Maurits Cornelis Escher (II)
Periodic surface partition
There are no topics as attractive as the periodic partition of the Escher surface. To this subject he offered a broad treatise that said: It is the richest source of suggestions I have found and is still far from exhausted.
In 1922, under the direction of the master of Mesquita, he made in his wood a drawing with eight heads (four in voice) covering the entire surface. This idea, however, is not attributable to Mesquita (Figure 1).
Until 1926 it seemed that this theme was a time of youth. However, after visiting the Alhambra in Granada in 1926, Escher tried to give his images a rhythmic structure that did not achieve the objective. In 1936 he revisited the Alhambra with Jetta. With the help of Jetta they copied their images. After reading books on ornaments and some mathematical treatises, in 1937 Escher developed a practical system that he would write in 1941 and 1942.
Through translations, twists and reflection movements we can get an image to fit itself. Some images only allow translation, others translation and rotation, etc. In total there are 17 images that allow these movements without modifying. Escher got them all, although he had no mathematical knowledge for it.
Escher's partitions were characterized by the fact that the themes chosen to repeat it always indicated something concrete. In this regard he said: The Arabs achieved great mastery by filling the surface with repetitive images. Unfortunately, Islam prohibited the images. No Arab artist dared to use images known as decorative elements such as birds, fish, reptiles or people. The limitation to geometric forms seems unacceptable to me, since the possibility of knowing images is the fundamental reason for my permanent interest in this matter.

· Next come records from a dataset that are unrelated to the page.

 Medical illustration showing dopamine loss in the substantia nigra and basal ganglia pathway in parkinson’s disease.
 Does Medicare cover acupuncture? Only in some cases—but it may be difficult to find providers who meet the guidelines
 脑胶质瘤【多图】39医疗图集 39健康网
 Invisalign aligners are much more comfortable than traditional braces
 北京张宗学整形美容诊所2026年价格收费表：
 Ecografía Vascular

Escher did not work with the score as the main theme. Instead, he used partition as a tool in metamorphosis and cycles. Although in some work only metamorphosis (Metamorphosis I) worked, in most cases it mixed metamorphosis and cycles. In the book The Periodic Partition of the Surface appeared in 1958, Escher masterfully explained the different situations of a metamorphosis (Figure 2):
- In phase 4, the image is divided into black and white parallelograms.
- In phase 5 the dividing lines change color and begin to bend, corresponding to an exterior fold another interior.

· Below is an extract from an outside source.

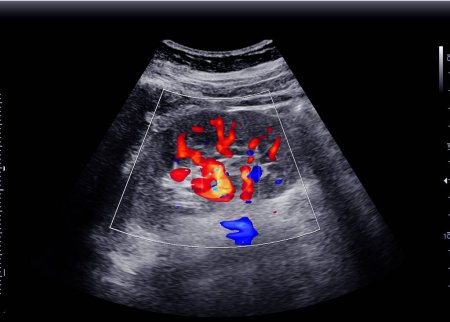 Foto de Ultrasonido de riñón o KUB para la detección de la enfermedad de cálculos renales. - Imagen libre de derechos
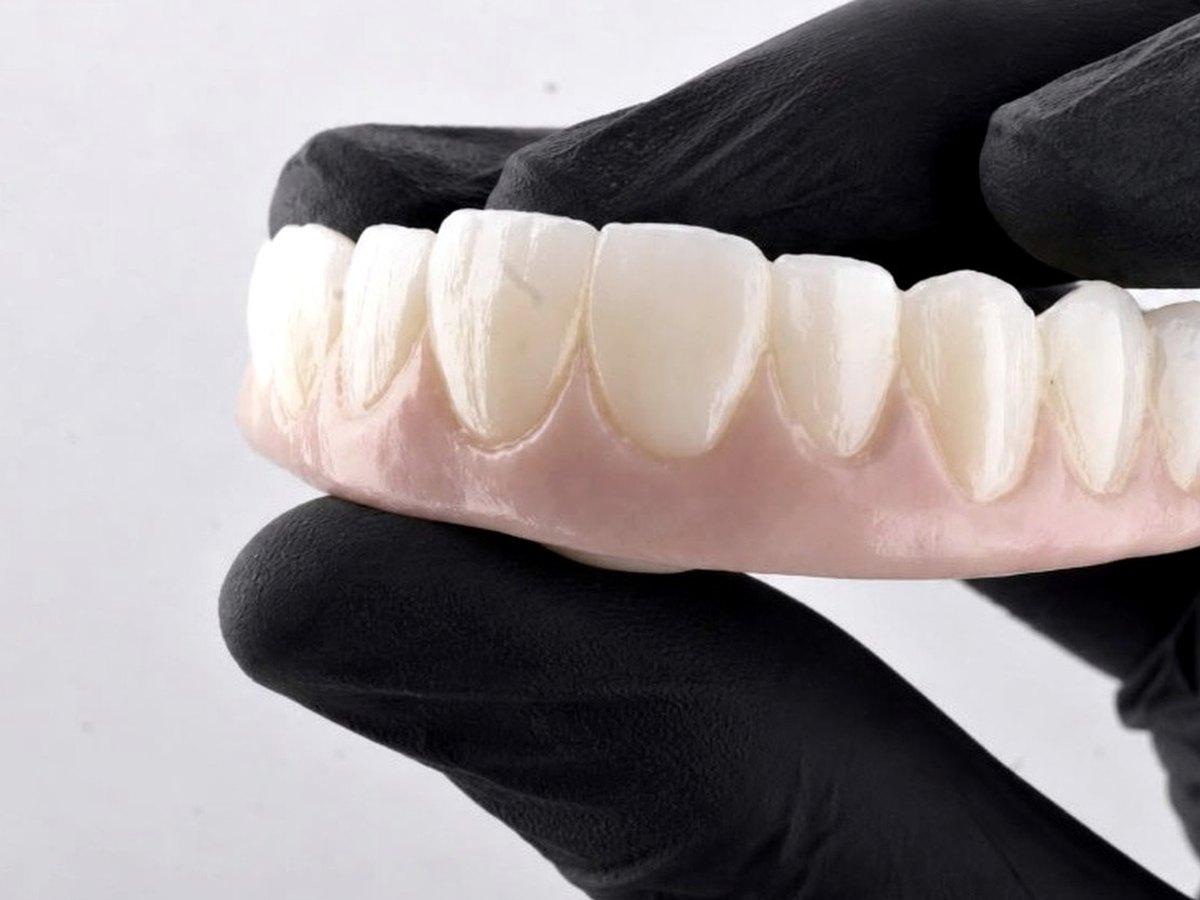 Puentes dentales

- In phases 6 and 7 the same process is followed by maintaining the image obtained in phase 7 until its completion. There are no traces of original parallelograms. However, it is the same surface and the contact points between the images have not been moved either.

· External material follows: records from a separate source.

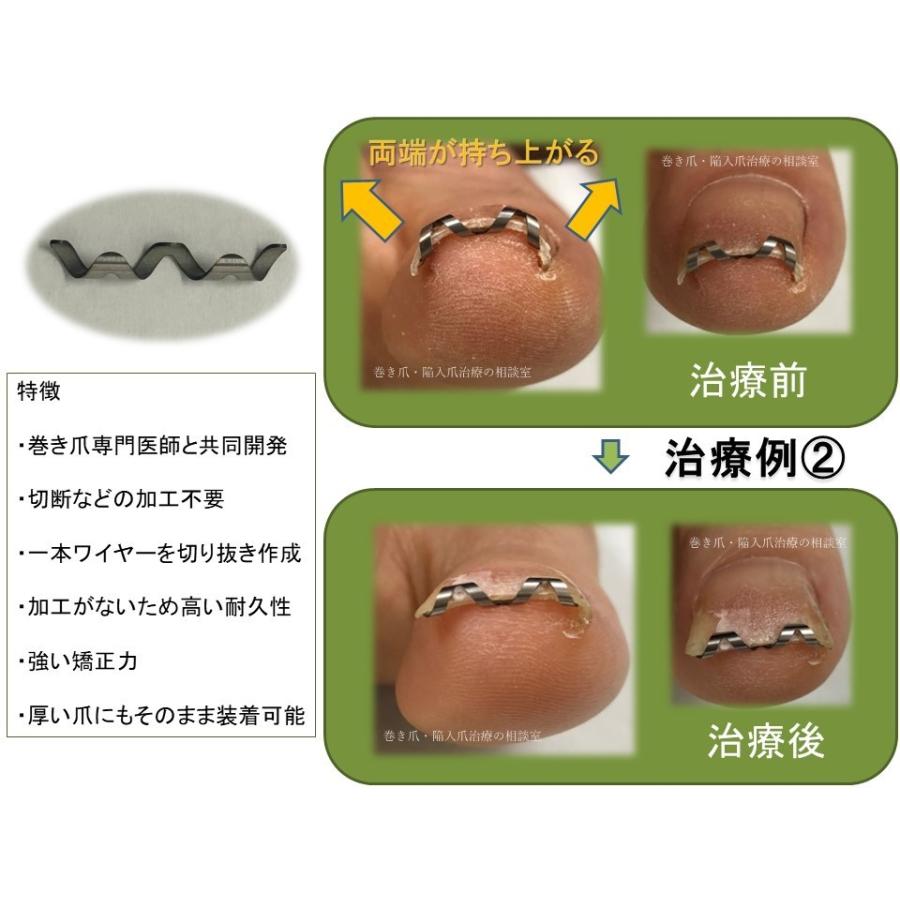 巻き爪治療 巻き爪矯正 自分で ネイルエイド 16mm ワイヤー クリップ 切り方 リフト 市販|himawari-corp|07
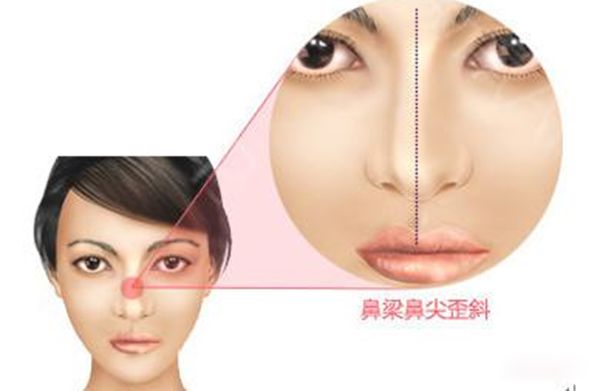 死亡是什么概念 人临死前的15个征兆详解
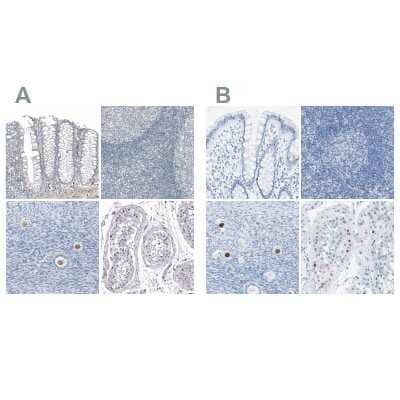 Immunohistochemistry-Paraffin: SALL4 Antibody [NBP1-84247]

- In phase 8, details introduced in black figures turn birds into fins, making white faces the sky.
- In phase 9, however, white birds are on a black background, covering the curing of the night.
- In phase 10, why can't the surface be covered with black and white birds?
- Phase 11 can support two different interpretations. Representing the eye and mouth in the tail of the birds and turning the head into tail, the wings automatically become wings, becoming flying fish.
- Finally, in phase 12 two types of animals appear simultaneously: black birds to the right and white fish to the left.
Metamorphosis II, 1939-40, is Escher's greatest image. The dimensions of the drawing are 4 m long and 20 cm high. In 1967 it was expanded six times and Escher extended 3 m to settle in a post office. This work tells us that the Escher metamorphosis technique was not too long. It is surprising to see how the lizards can be extracted from the squares to convert them into hexagons.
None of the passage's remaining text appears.